Néanmoins, il considère que le montant de ces reliquats et les explications précédentes auraient dû figurer dans le projet annuel de performances .

En effet, même s'il s'agit de montants qui ne sont retracés qu'en gestion, ils participent directement à une décision de nature budgétaire et politique et doivent donc être versés le plus tôt possible au débat public .

b) Une baisse des « fonds sociaux » qui s'inscrit dans la même démarche de sincérisation

L'action « Aide sociale » du programme 230 - « Vie de l'élève » serait marquée, en 2020, par une réduction équivalente de 50 % des crédits de l'enveloppe dédiée au fonds sociaux des établissements.

Ces fonds sont versés aux établissements pour apporter une aide exceptionnelle aux familles défavorisées sur décision du chef d'établissement après consultation de la communauté éducative.

Ils se composent d'une part destinée à permettre l'accès à la cantine scolaire et d'une autre au profit des collégiens et lycéens pour faire face aux situations difficiles.

Alors qu'en loi de finances pour 2019, ils s'élevaient à près
de 60 millions d'euros, il est prévu de ramener ce montant à 30,7 millions d'euros en 2020.

Compte tenu de la vocation de ces fonds destinés à permettre de soulager les élèves et les familles connaissant des situations de grande fragilité, cette diminution a alerté votre rapporteur spécial.

Toutefois - et de la même manière que s'agissant des subventions aux établissements - il s'avère que cette mesure se justifie par une volonté de sincérisation budgétaire et n'aura pas d'impact sur la capacité des établissements à faire face aux situations auxquelles ils peuvent être confrontées.

En effet, la sous-consommation - forte heureuse - de ces fonds dans les années précédentes a contribuée à la constitution d'un reliquat dans la trésorerie des établissements.

Suivant le même raisonnement que celui qu'il a retenu s'agissant des subventions aux établissements, le ministère a souhaité ramener le niveau des crédits à celui de 2018 de sorte à tenir compte des reliquats à la disposition des établissements.

Pour les mêmes raisons qu'évoquées précédemment, votre rapporteur spécial adhère à la proposition du Gouvernement , d'une part, et l'incite à mieux faire état des éléments de compréhension nécessaires dans les documents budgétaires, d'autre part.
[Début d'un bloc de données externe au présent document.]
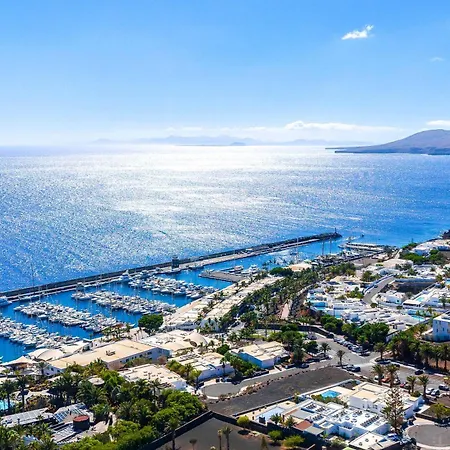 Leu Vila Puerto Calero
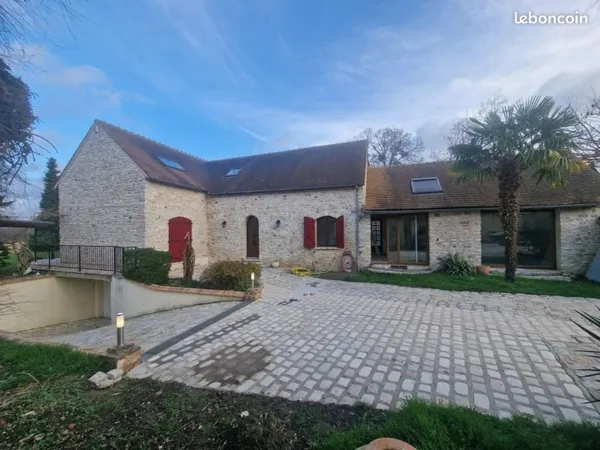 Colocation maison individuelle av piscine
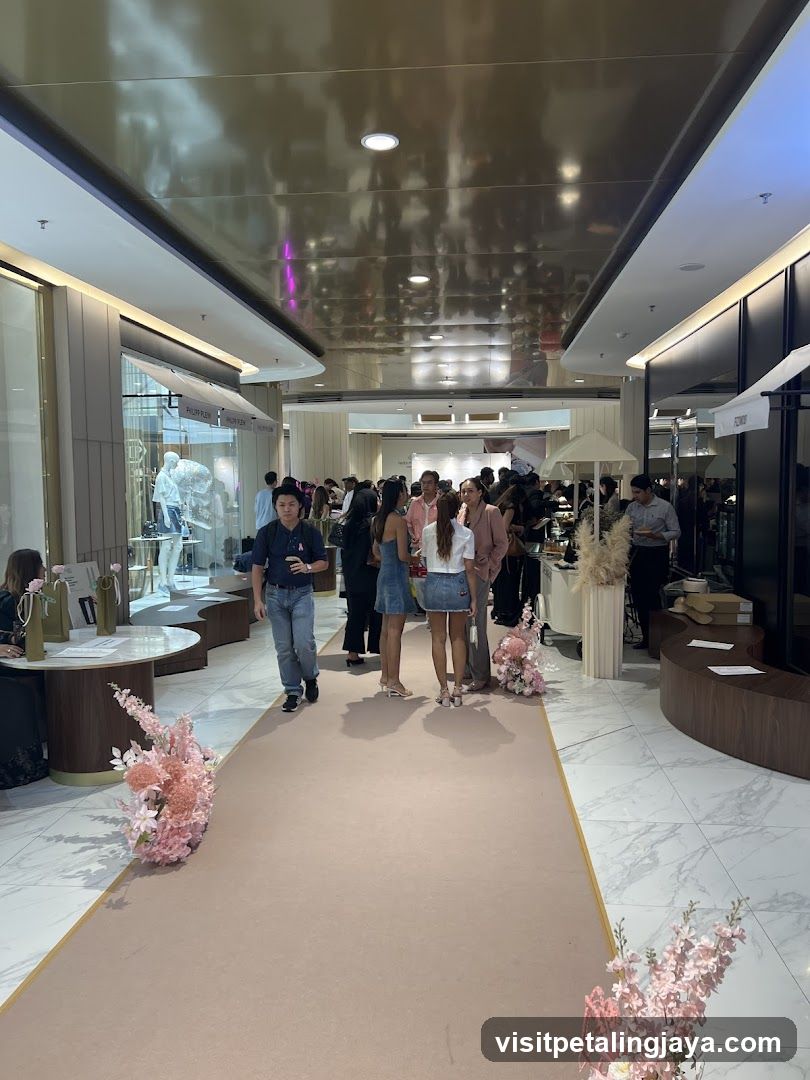 Fashion Store Interior Event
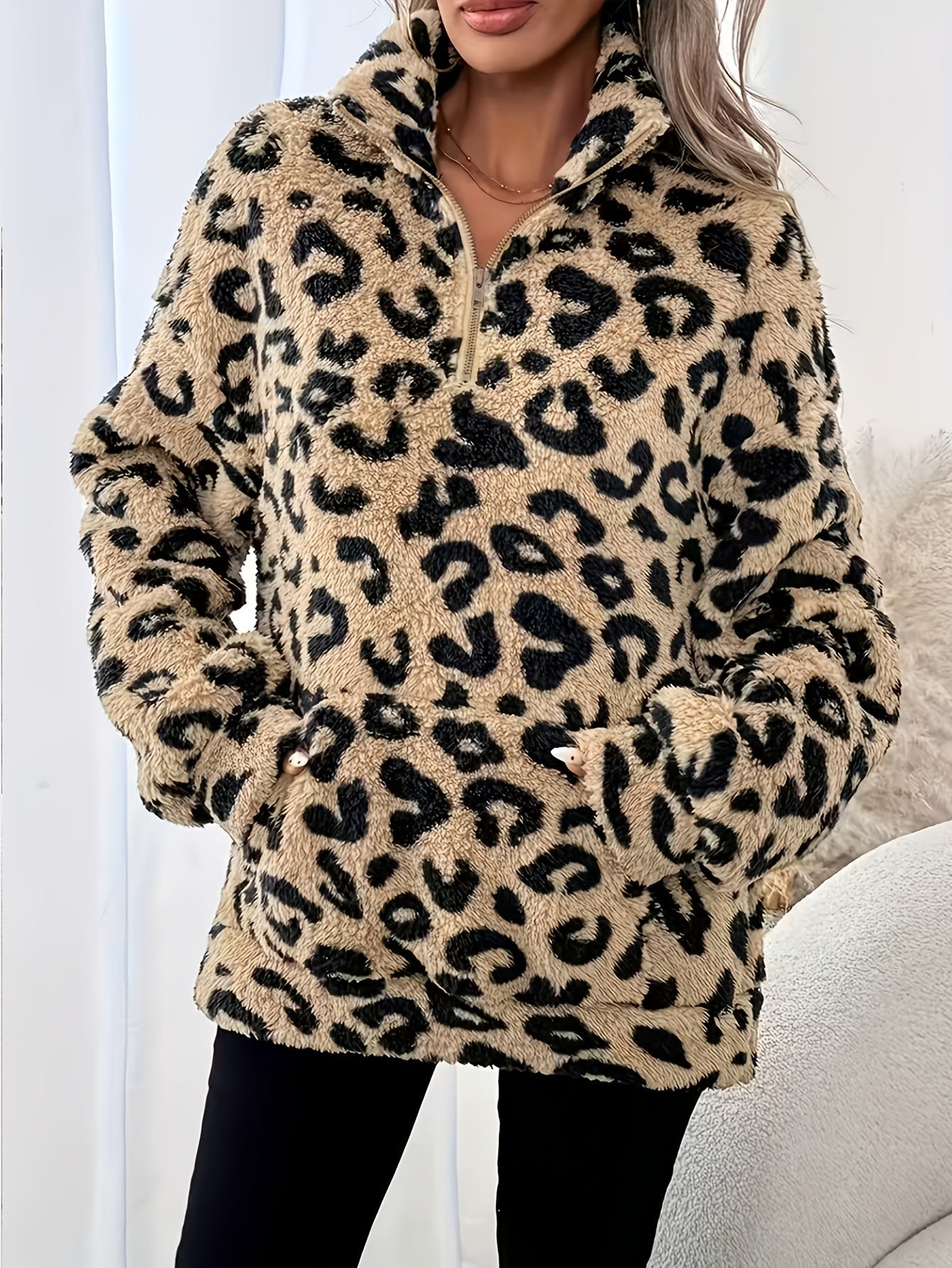 Sweat Plush Animal Print com Fecho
c) Un financement des « internats du XXIème siècle » par la Caisse des dépôts et consignations qui peut susciter quelques doutes quant à sa pérennité

A l'occasion d'une conférence de presse donnée le 1 er juillet 2019, le ministre de l'Éducation nationale a fait part de son intention de relancer le programme des internats d'excellence dans la perspective de développer des « internats du XXIème siècle ».

Prévu pour être déployé entre 2020 et 2022, ce plan ambitionne de renforcer les capacités actuelles d'accueil en internat de 13 000 places en soutenant la mise en place de 240 projets d'internats . En 2018,
ce sont 201 500 élèves qui étaient internes dans le second degré.

Ces établissements se distingueraient en trois grandes catégories :

- Les « résidences à thèmes » ;

- Les internats d'excellence ;

- Les internats et campus « pro ».

Cette ambition politique s'appuie, toutefois, sur la bonne volonté des collectivités territoriales et sur la mobilisation de leurs ressources.

Pour les inciter à s'investir dans des projets qui pourraient - indéniablement - favoriser l'attractivité de territoires aujourd'hui en grande difficulté, l'État s'appuie sur la Caisse des dépôts et consignations pour qu'elle assure une mission de financement des initiatives à hauteur d'un milliard d'euro.

Votre rapporteur spécial considère que ces « internats du XXIème siècle » sont une excellente initiative mais s'inquiète de la pérennité et de la transparence - notamment financière - d'un tel projet.

La question des moyens alloués par l'État au fonctionnement de ces établissements devra également trouver une réponse ce qui n'est pas le cas à ce stade.